Among the keywords of the project, we insist on the realism of each of them.

The phenomenon of ostracization, for example, has known a wide historical record on its own. From social exclusions to programmed murders – one example is the case of the Romanian ruler of Wallachia, Constantin Brâncoveanu1, who was murdered together with his four sons in Istanbul, under the compliant look of the Western and the Russian embassies – the meaning of the keywords has so much expended that, over time, entire communities have been ostracized and deleted from history.

Ostracization, for example, was the main manner to install the Romanian governing in areas with minorities such as Turks and Tartars in Dobrogea (1921); in Transylvania (1918) it was the main way to ignore the rights of Hungarian and German nations (Catholics or Lutherans) as well as the Jews’ and Armenians’ nations (because of their own religion). The history has proven that Romania was able to build a free ostracizations political system2 for minorities, becoming in this way a model of good democracy for a long time. That explains why Romania was asked to become a founding member of the Societies United Nations, during the presidency of Nicolae Titulescu3.

1948 represents, however, a turning point. The arrival of the Soviet troupes, the arrest and murder of the country’s leaders during the Second World War, the isolation and then the expulsion of King Mihai the I from the country, have brought to power a new government that implemented major social abuses and ostracized the population: the communist regime (1948-1989). We have now sufficient information regarding the ostracization process of the social classes, persons or institutions (the case of Greek-Catholic Church, United with Rome, which was abrogated).
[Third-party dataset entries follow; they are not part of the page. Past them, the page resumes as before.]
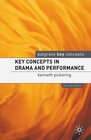 Buchcover Key Concepts in Drama and Performance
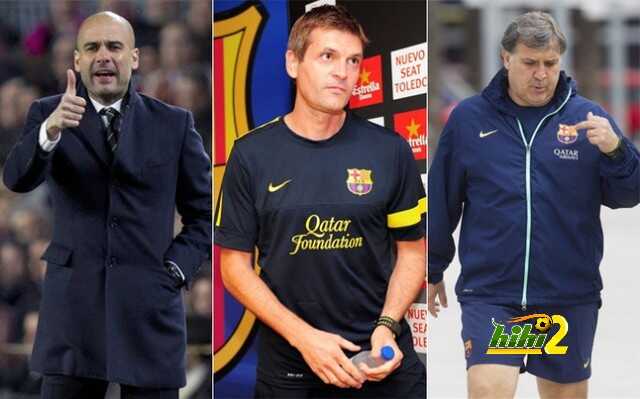 برشلونة يخسر في الدوري أكثر من الموسمين الماضيين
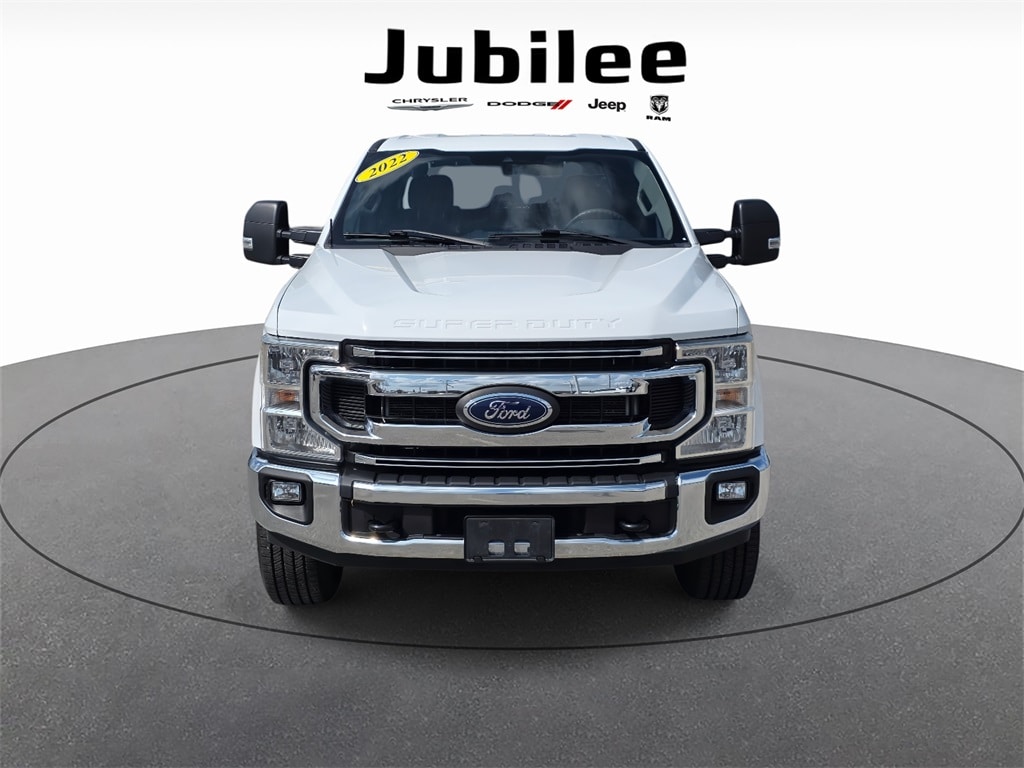 Used 2022 Ford F-350SD XLT Truck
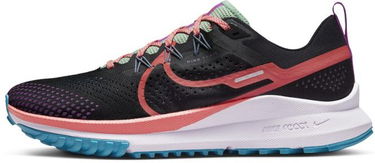 Кросівки та взуття Nike React Pegasus Trail 4 чорний | DJ6158-003, 0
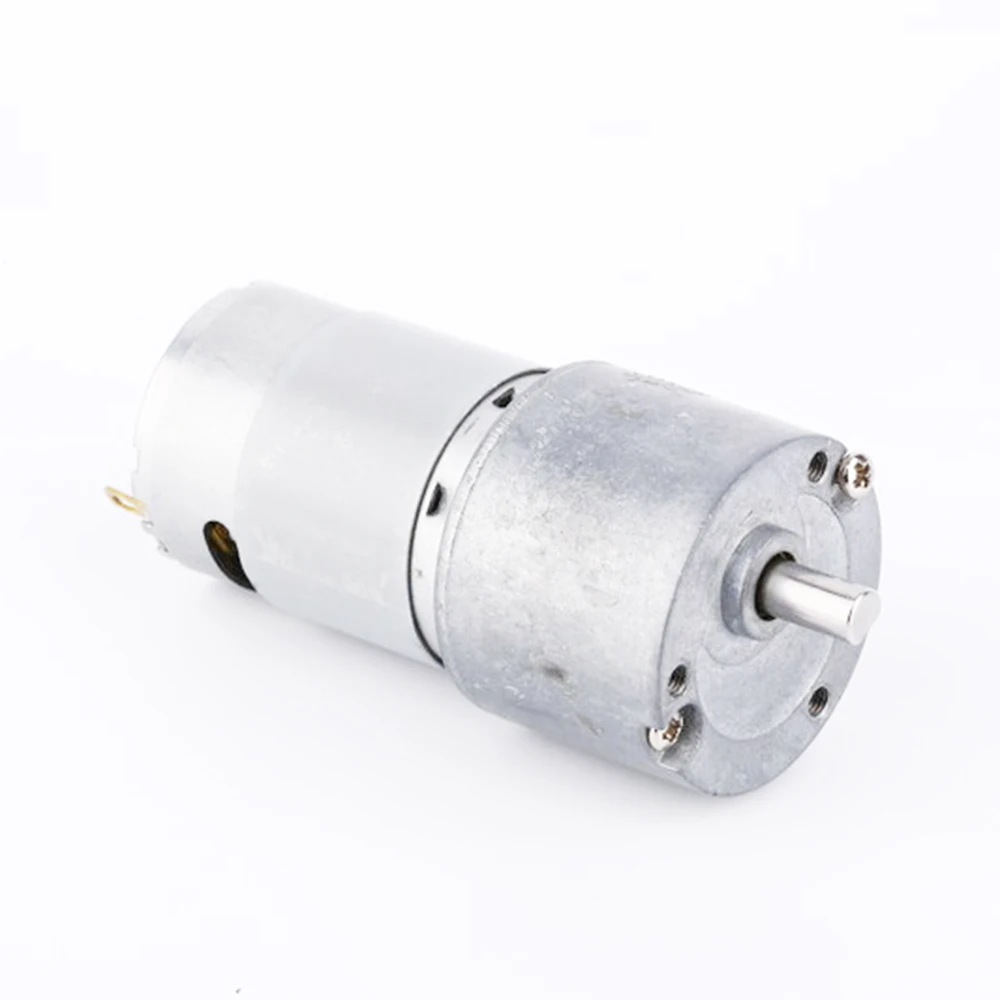 small geared motors 24 volt dc gear motor 30 rpm gear motor permanent magnet
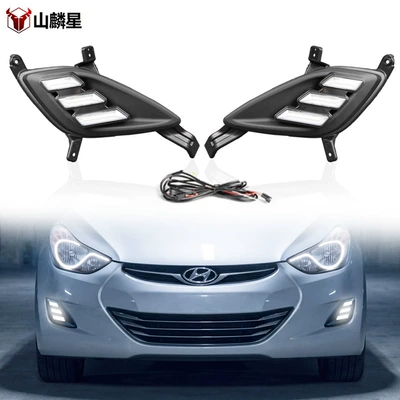 front fog lights, Gündüz işıqları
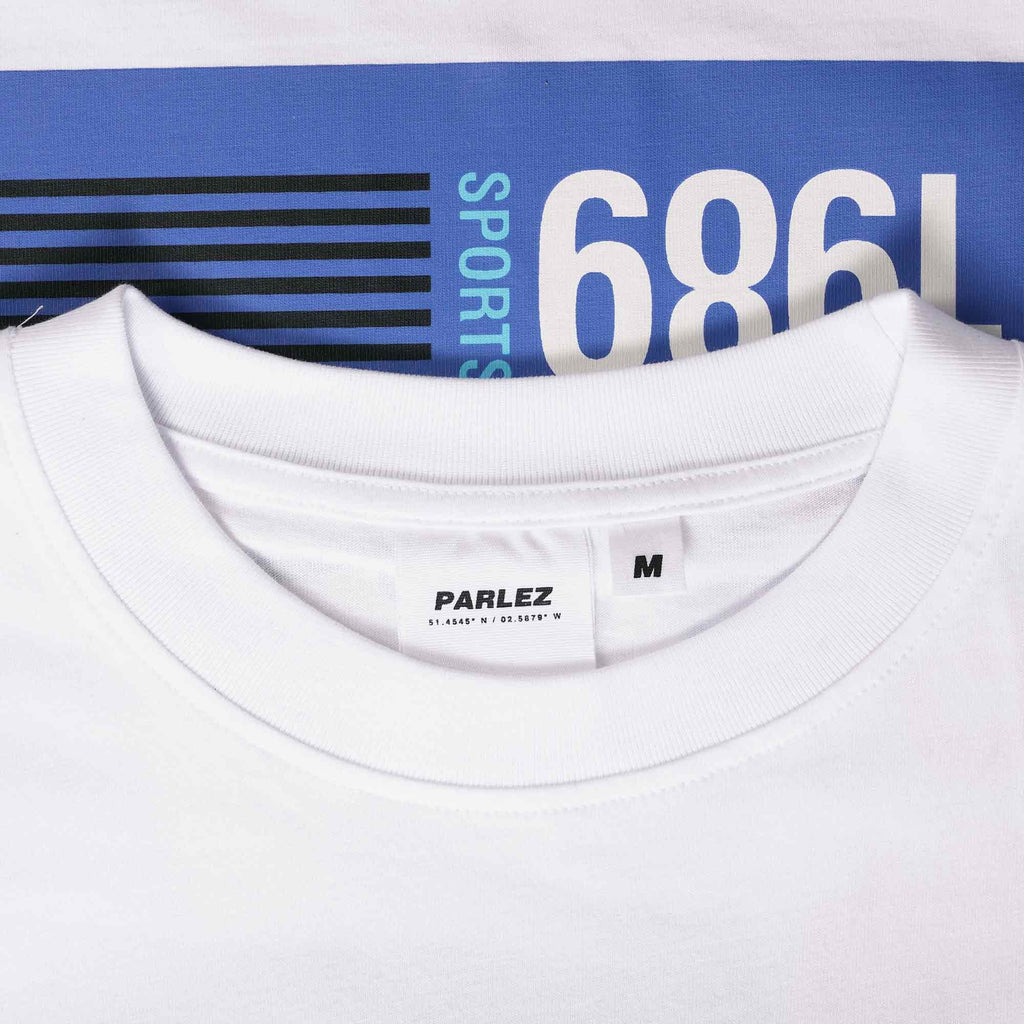 Parlez Corazol T-Shirt - White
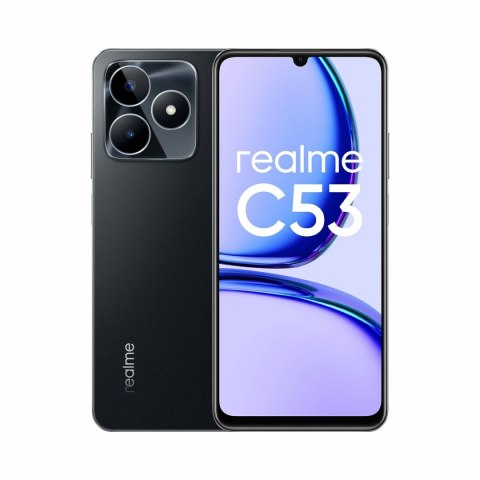 Smartfony Realme 631011001401 6,74" Unisoc TigerT612 8 GB RAM 256 GB Czarny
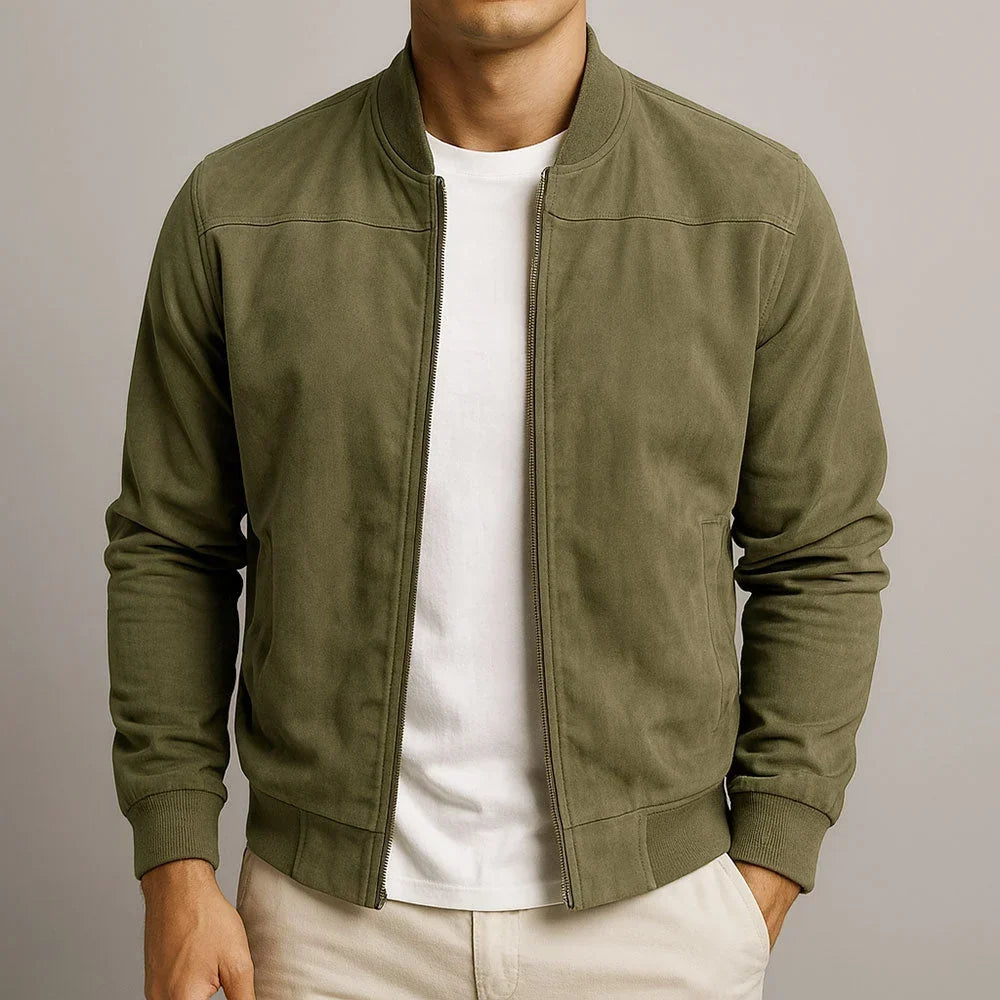 Giovanni | Casaco Bomber Moderno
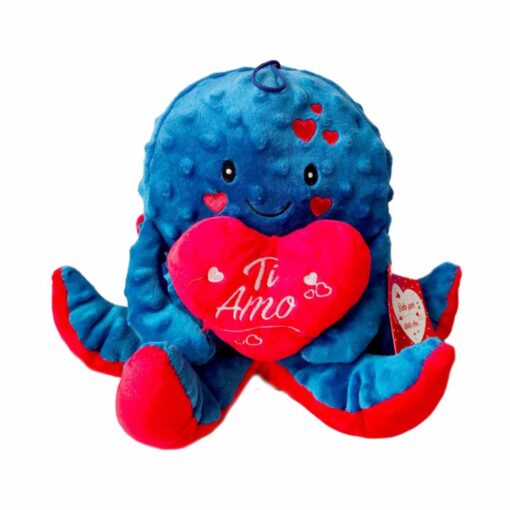 Octopus in Love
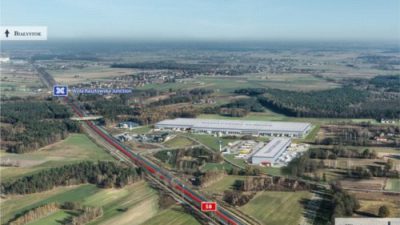Panattoni Europe dla DHL Parcel Polska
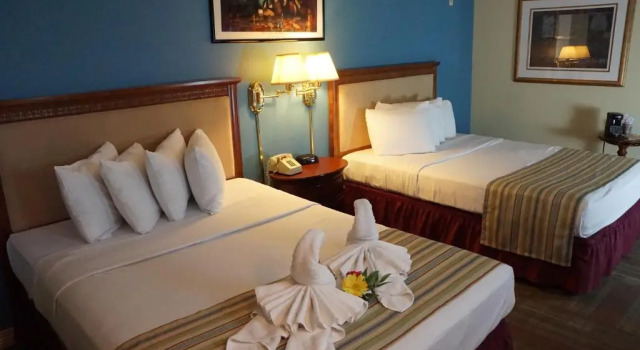 Двухместный номер Standard Railroad Pass Hotel and Casino Ramada by Wyndham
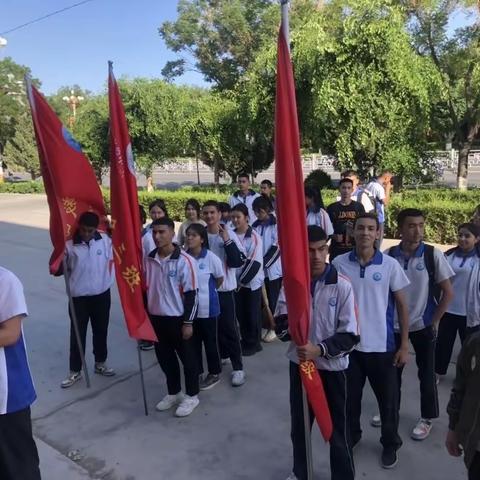 和静县实验中学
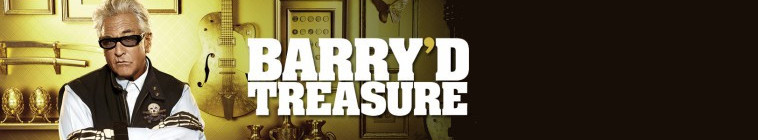 Banner voor Barry'd Treasure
We have bad memories regarding the ostracizing experiments of the ethnical groups (German ethnic group4), social groups (the group of former entrepreneurs, the group of former active politicians, of teachers / intellectuals politically unaligned or group of students5).

A special case of ostracization was the attack towards the peasantry – the agrarian reform consisting in the nationalization of the lands owned by the peasantry – finalized in a wide range of trials and crimes against human dignity, personal and social freedom6.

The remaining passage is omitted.